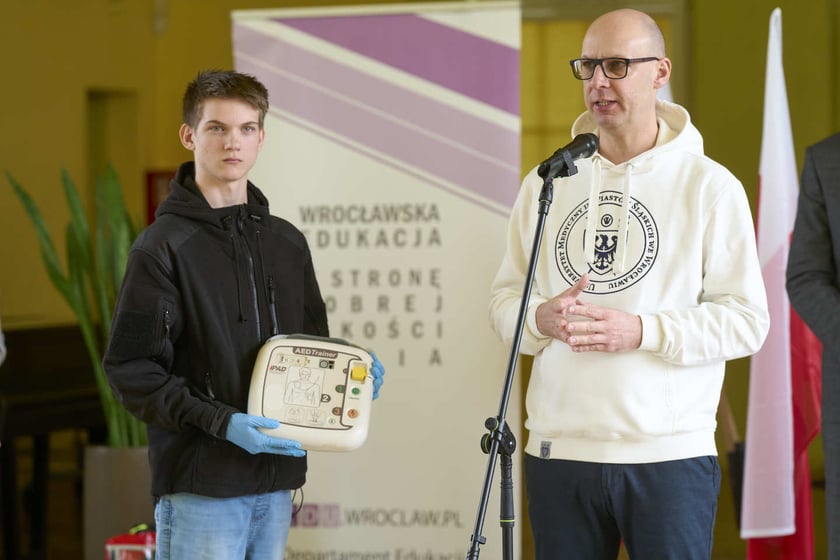 Konferencja prasowa przekazania szkole LZN przy ul. Kiełczowskiej defibrylator&oacute;w. Podczas konferencji uczmniowie zorganizowali pokaz udzielania pierwszej pomocy&nbsp;&nbsp;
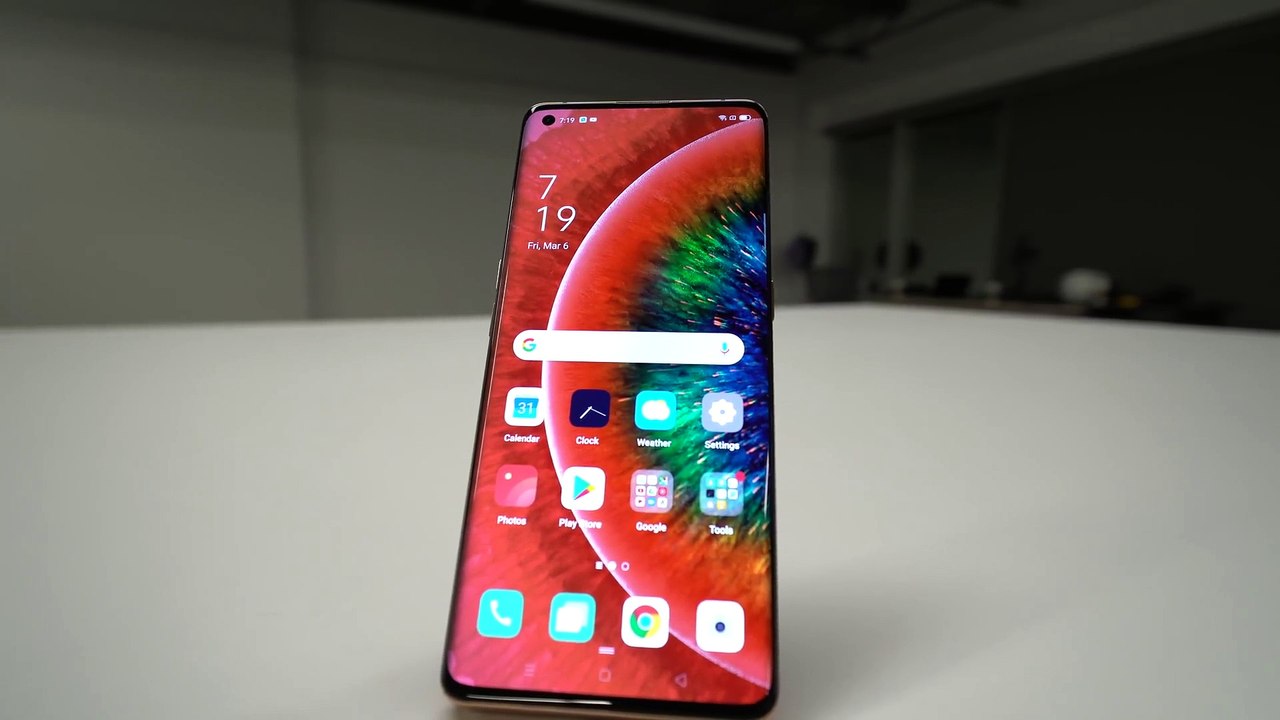 An Unexpected Flagship Smartphone Challenger...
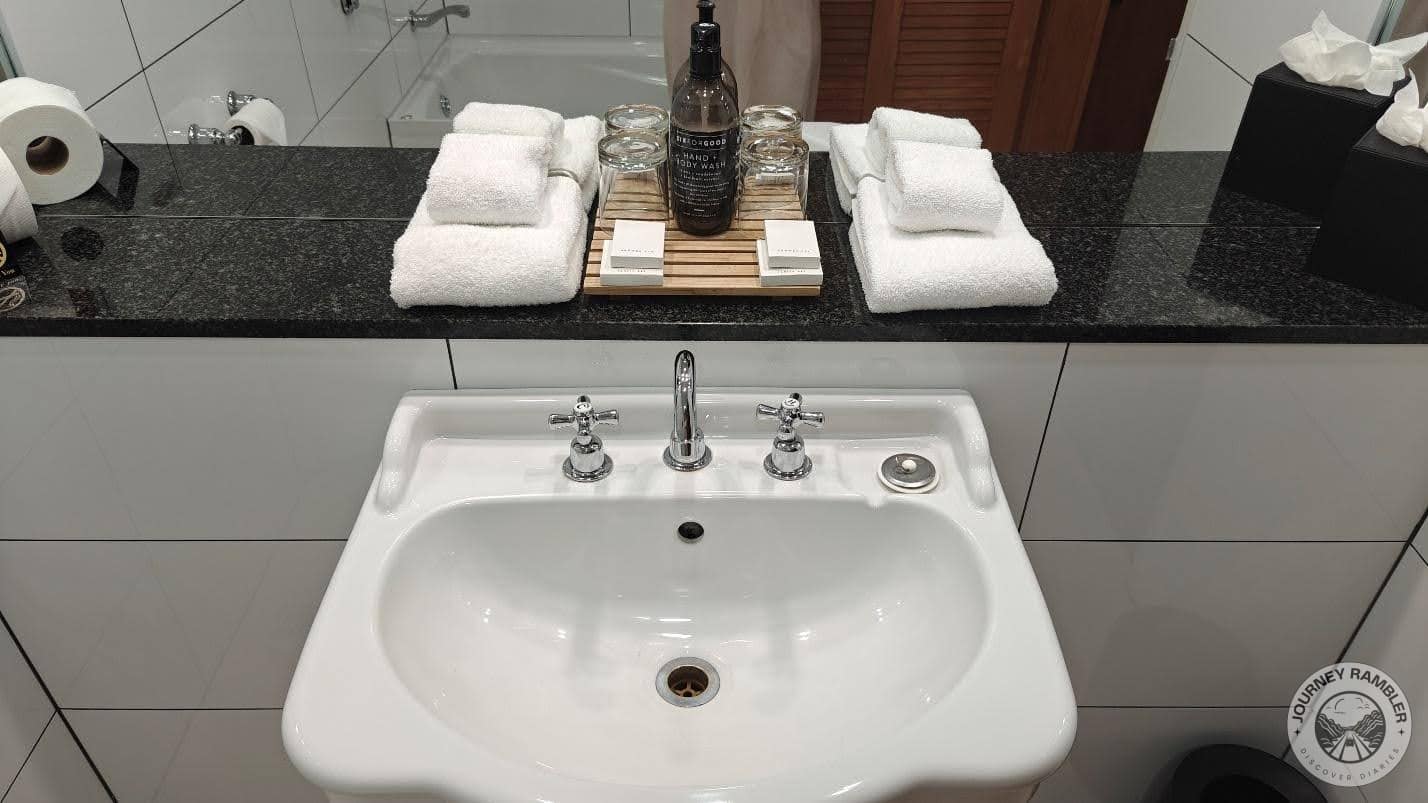 washbasin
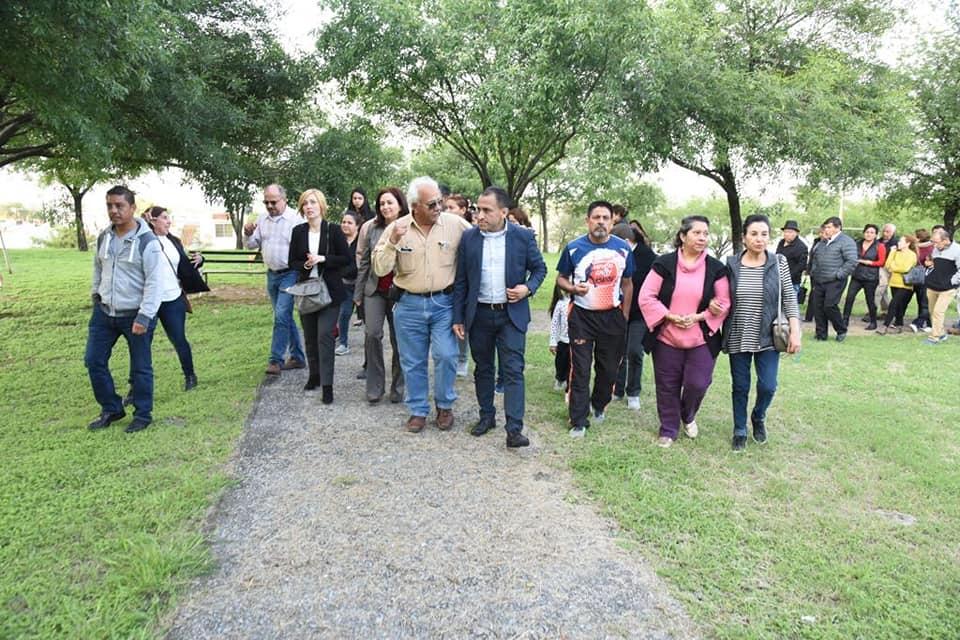 Se reúnen Diputados con vecinos de la colonia  Rincón de la Sierra del  municipio Guadalupe N.L.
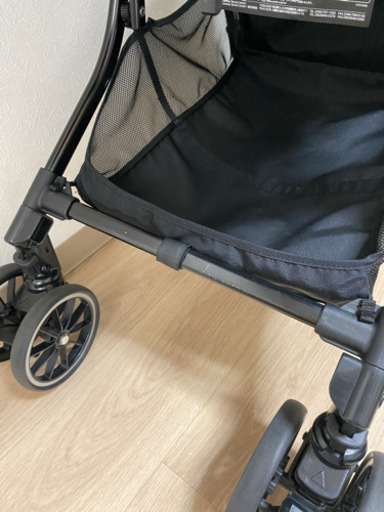 コンビベビーカースゴカル4キャス　バーミリオンレッド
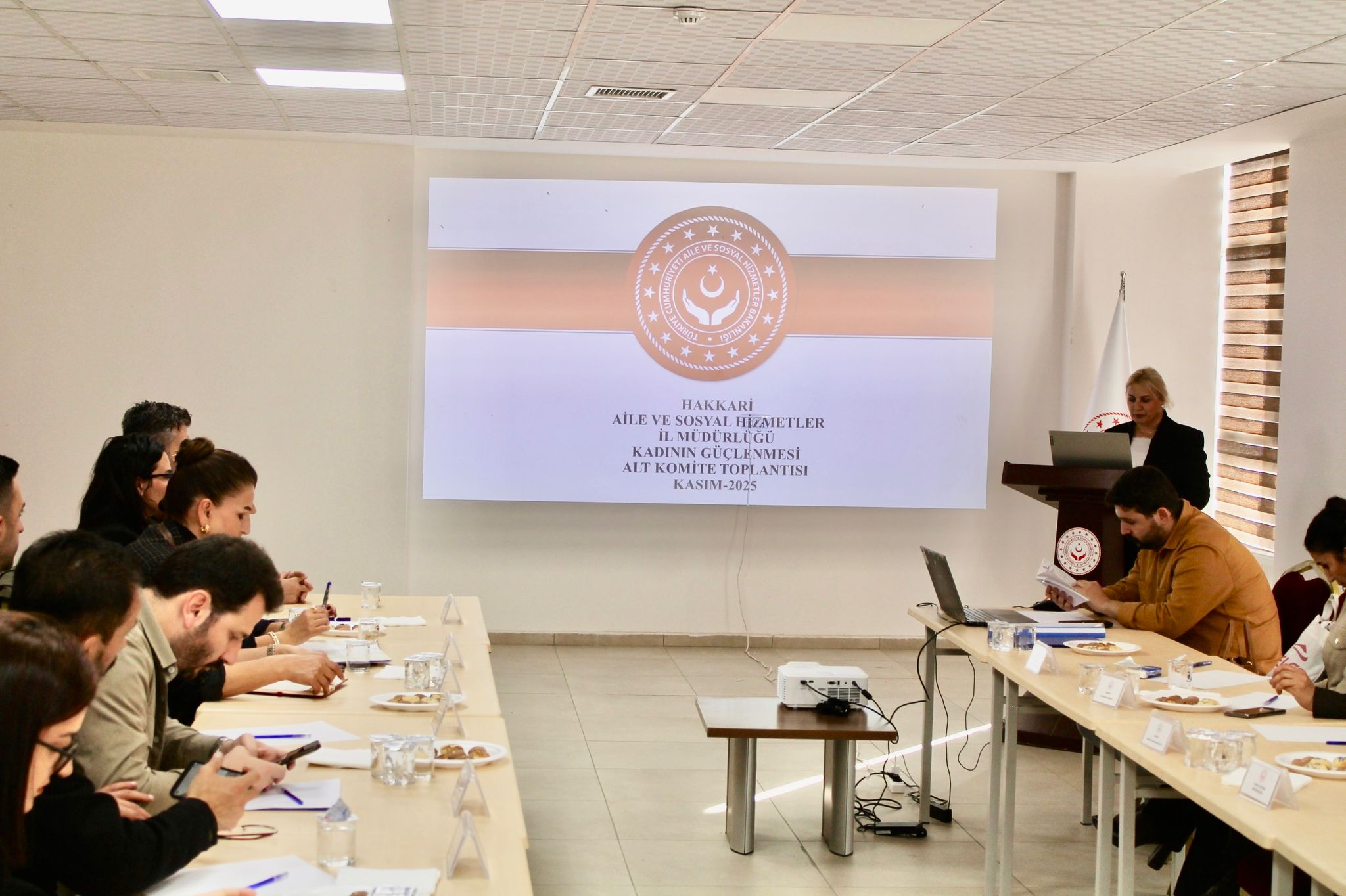 Hakkari’de Kadının Güçlenmesi Alt Komite Toplantısı Gerçekleştirildi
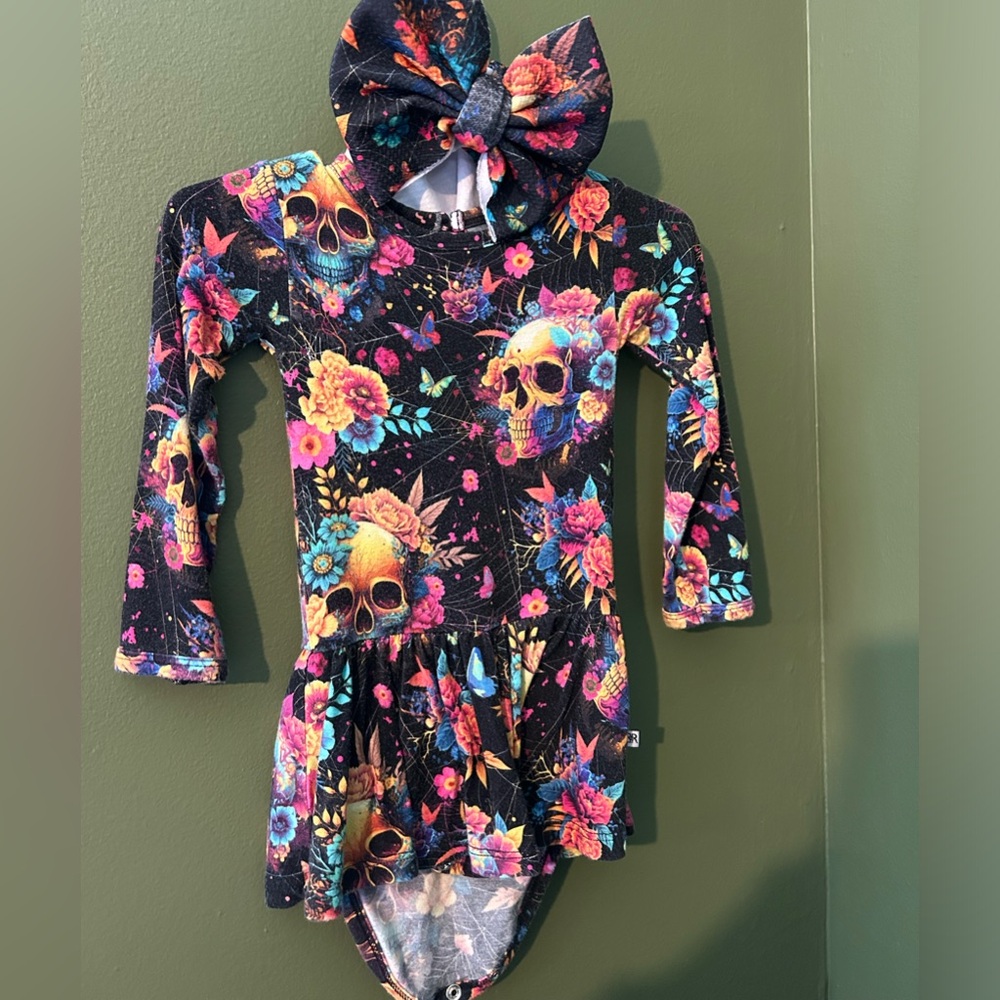 Frida Skuhlo dress + biggie bow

○ ○ ○ ○ ○

Beginning at the line with "コンビベビーカースゴカル4キャス　バーミリオンレッド", reproduce word for word each line through the last line of the records. Include both ends but no pictures.

## ANSWER BELOW
 コンビベビーカースゴカル4キャス　バーミリオンレッド
 Hakkari’de Kadının Güçlenmesi Alt Komite Toplantısı Gerçekleştirildi
 Frida Skuhlo dress + biggie bow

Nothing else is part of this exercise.